O Instituto Nacional de Estatística(INE) divulgou os resultados do exercício de Projeção da População Residente entre 2024 e 2100 e concluiu que, no virar do próximo século, haverá muito menos pessoas a viver em Portugal: 8,3 milhões de habitantes, com mais idosos e muito menos crianças e jovens.

Portugal vai perder população, passando dos actuais 10,7 para 8,3 milhões de pessoas, com o número de jovens até aos 15 anos a diminuir de 1,4 para menos de um milhão e o número de idosos a passar de 2,6 para 3,1 milhões, de acordo com um cenário central de projeção.

Os investigadores traçaram ainda um cenário em que imaginam um aumento da esperança média de vida, entre outros factores, caso em que a população idosa poderia atingir os 4,2 milhões.

O que é certo é que todos os cenários apontam para um país com cada vez menos jovens e cada vez mais idosos.

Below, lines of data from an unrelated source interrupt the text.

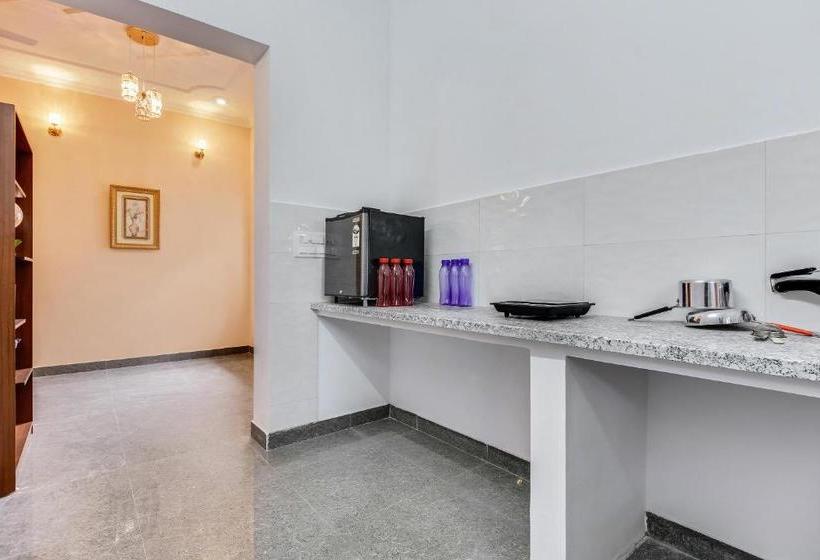 Pensionat Oyo Home 49287 Modern Stay Premnagar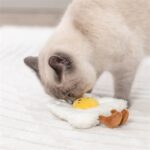 Trixie Gebakken Ei Xxl Pluche Met Amerikaanse Catnip - 18 cm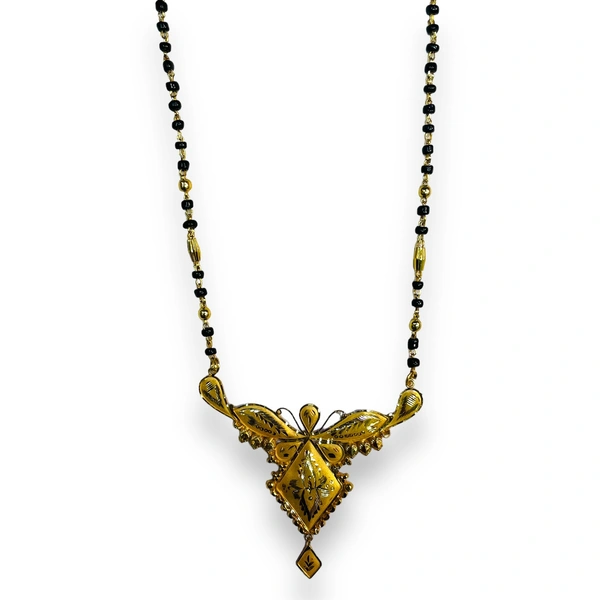 TRJ BIS HALLMARK 18KT GOLD BIG PENDANT 1 PIECE APPROX. WGT: 1.700 TO 1.800 GM WITH CERTIFICATE.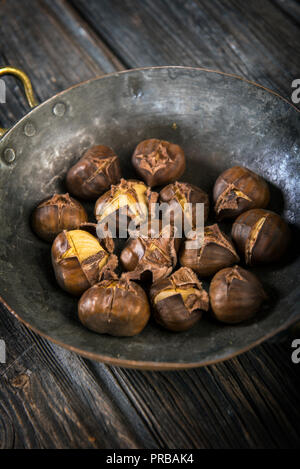 Marrons sur fond de bois Banque D'Images
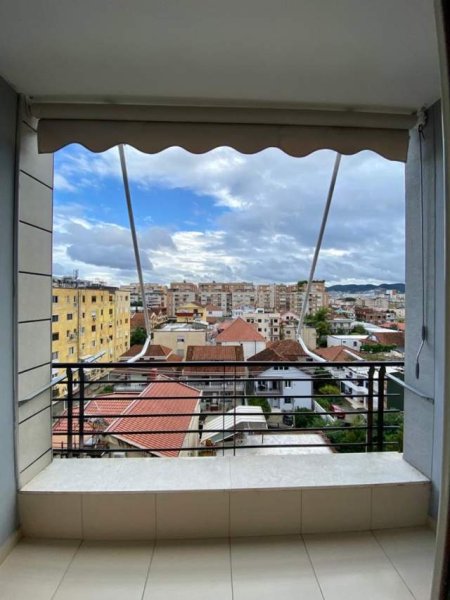 Tirane, jepet me qera apartament 1+1+BLK Kati 5, 66 m² 350 Euro (don bosko)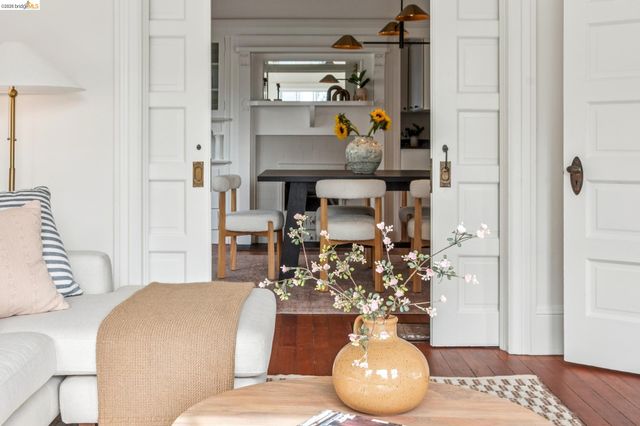 836 E 19th St, Oakland, CA 94606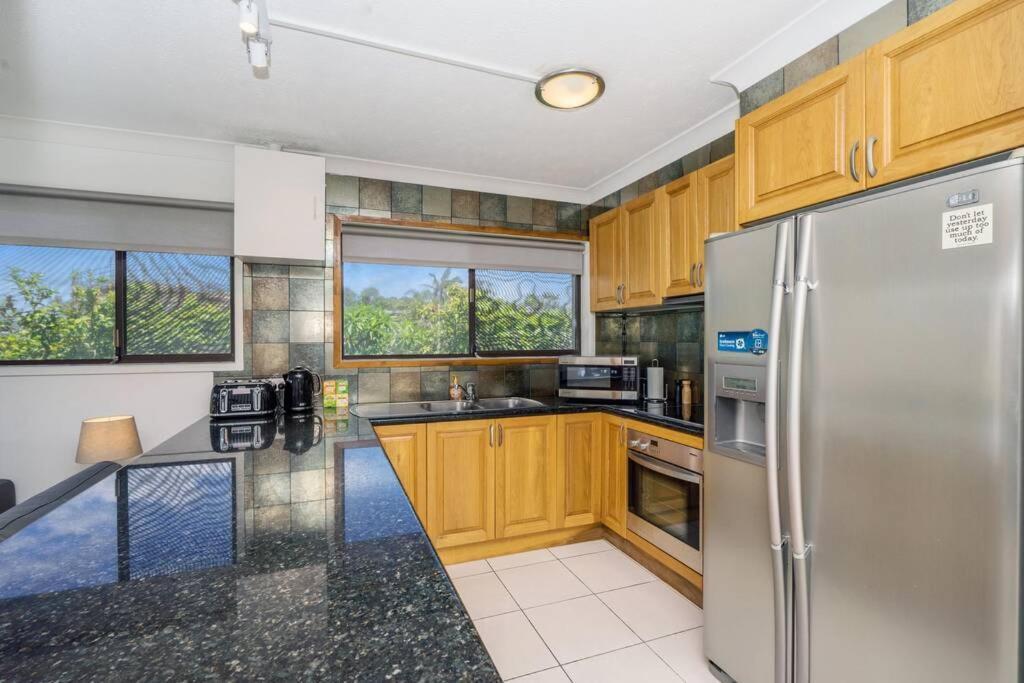 Luxury, Pets, Beach, Convention, Casino, Shopping, Privacy Apartment Gold Coast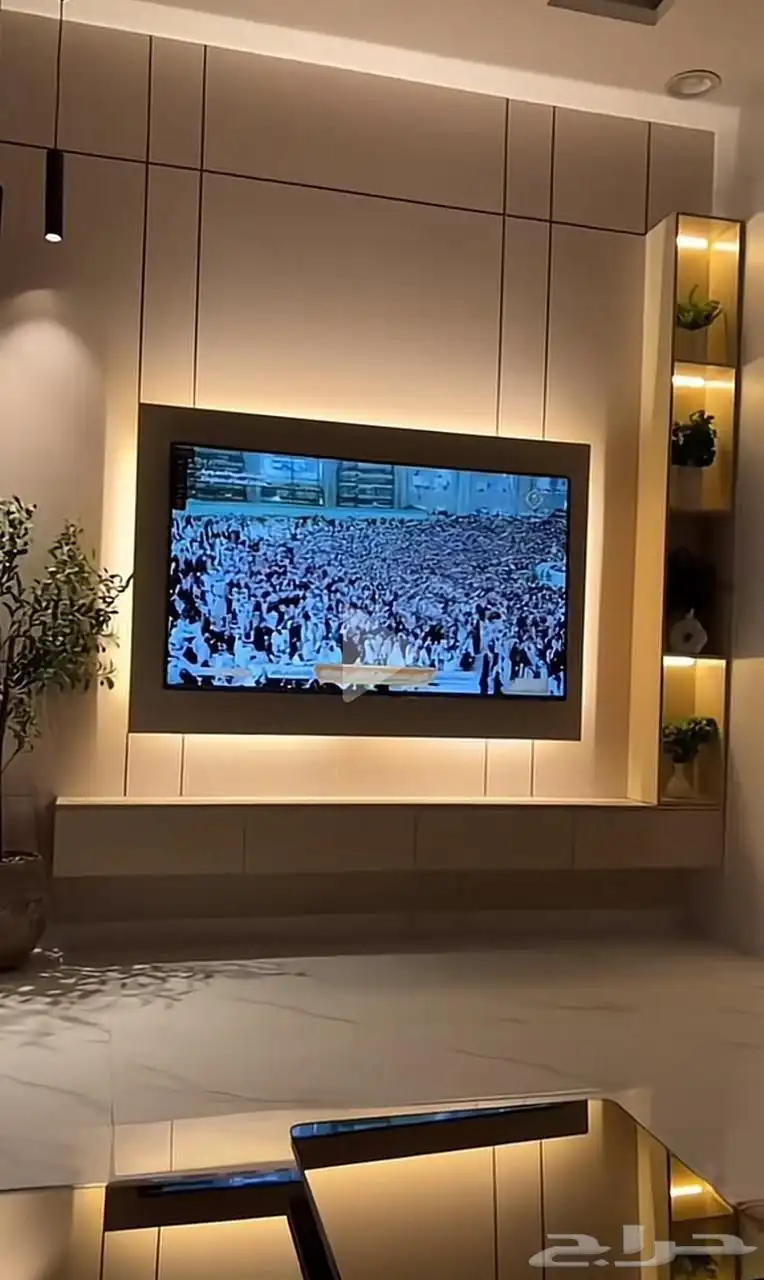 ترميم وعمل جميع انواع الديكورات والدهانات 9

O índice de envelhecimento - que compara a população com 65 anos ou mais e inclui as crianças até aos 15 anos - poderá aumentar substancialmente até 2100, passando dos actuais 192 para 316 idosos por cada 100 jovens.

Realidades ocultas

No entanto, o valor nacional esconde realidades regionais, como os arquipélagos dos Açores e da Madeira e a região Norte, que poderão registar desequilíbrios muito elevados entre a população mais jovem e a mais idosa.

O caso mais curioso é o da Região Autónoma dos Açores, atualmente considerada a região menos envelhecida do país, com apenas 128 idosos por cada 100 jovens. No entanto, em 2100, será a terceira mais envelhecida, com "405 idosos por cada 100 jovens".

No ano passado, a região Centro era a mais envelhecida do país, mas os cenários agora traçados pelos especialistas indicam que, em 2100, o título passará para a região Norte, onde o índice de envelhecimento passará dos actuais 205 idosos para 475.

Na Madeira, o índice de envelhecimento deverá disparar dos actuais 179 idosos para 442 por cada 100 crianças em 2100, segundo as projecções do INE, que apontam o Algarve como a futura região menos envelhecida.

Os investigadores sublinham que estas projecções tiveram em conta os saldos migratórios e as taxas de fecundidade mais positivas, que ajudaram a atenuar o ritmo de envelhecimento da população, mas não o travaram.

"O índice de envelhecimento em Portugal aumentará gradualmente até 2060, altura em que tenderá a estabilizar", escreve o INE, admitindo que no início do século XXII haverá muito menos pessoas em idade ativa (4,2 milhões), o que levará a um agravamento do índice de dependência de idosos, para quase o dobro do atual.

Atualmente, há 39 idosos por cada 100 pessoas em idade ativa, mas em 2100, num cenário central, haverá 73 idosos por cada 100 pessoas em idade ativa.